While being helped by my teacher, I remembered Mahabali’s story. It felt like that, surrendering my body to her feet. I just read that story a couple of days back and that act of bhakti filled my heart to bursting and made my eyes tear up. It is strange, this emotional bubbling over. Most of the time, I live in my head.
In class today, I struggled with my ego before finally surrendering that part of myself, as is. It is something I have no control over, the desire to be ‘doing’ the invocation correctly, being the best student mindful of everything the teacher says. In my head, I know that the invocation is not done but felt, that there is no being better than anyone but this is the little ‘i’ at play. And it is painful, this divisiveness.
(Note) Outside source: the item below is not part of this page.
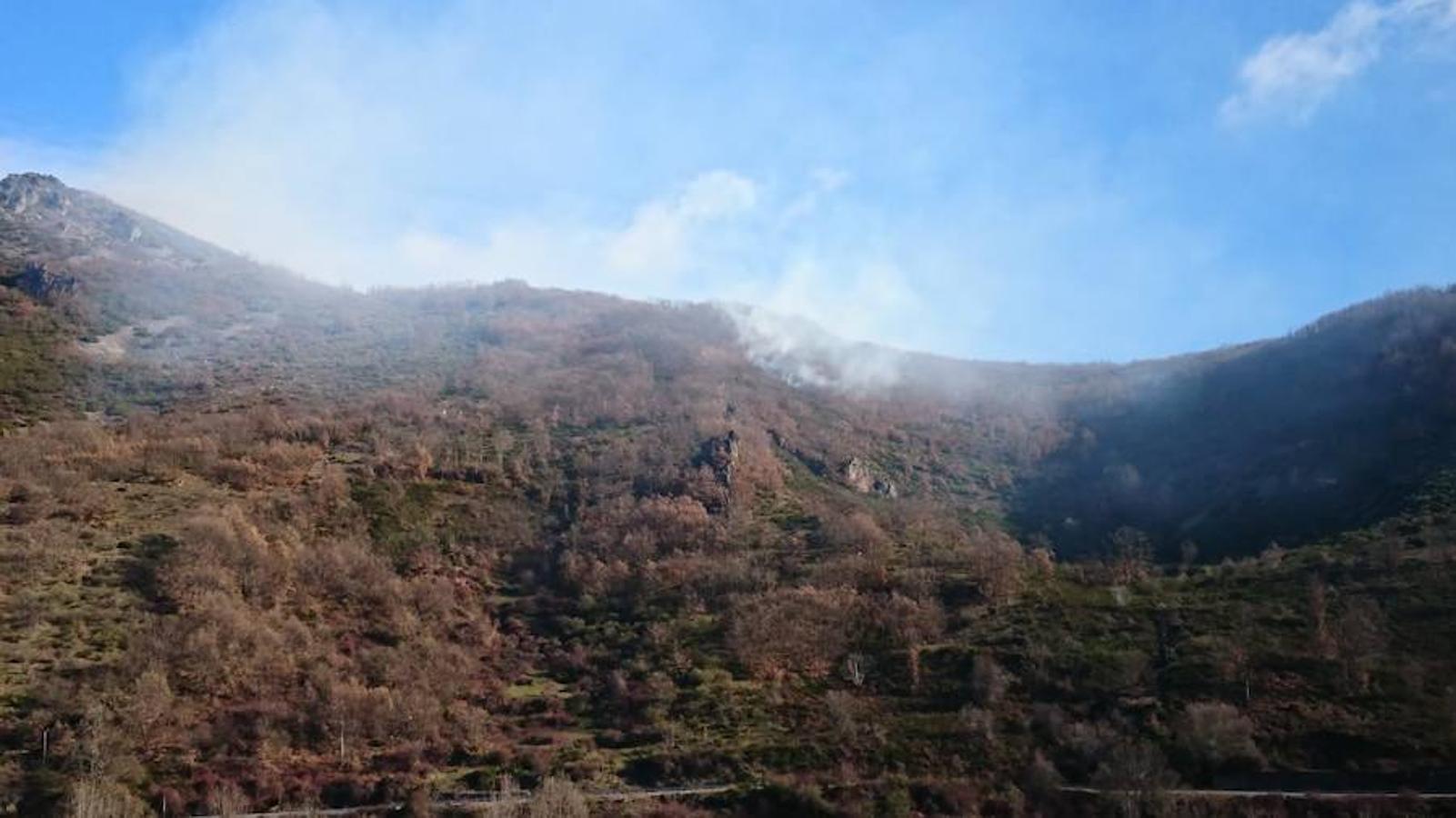 Fotos: Imágenes del fuego de Aralla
While chatting with my older daughter who is busy chasing her dreams, I shared my hopes, to be a student of Vedanta in the traditional way and Ayurveda besides continuing with yoga. My younger one piped up saying, so boring. The older one just nodded sagely although she couldn’t understand my desire to study without any exam! How do I explain this longing to study under someone who can initiate me into the mysteries of the ancient texts. I suppose I still have to be ready. In the meanwhile, I continue with what I can in the bustle of a householder’s station.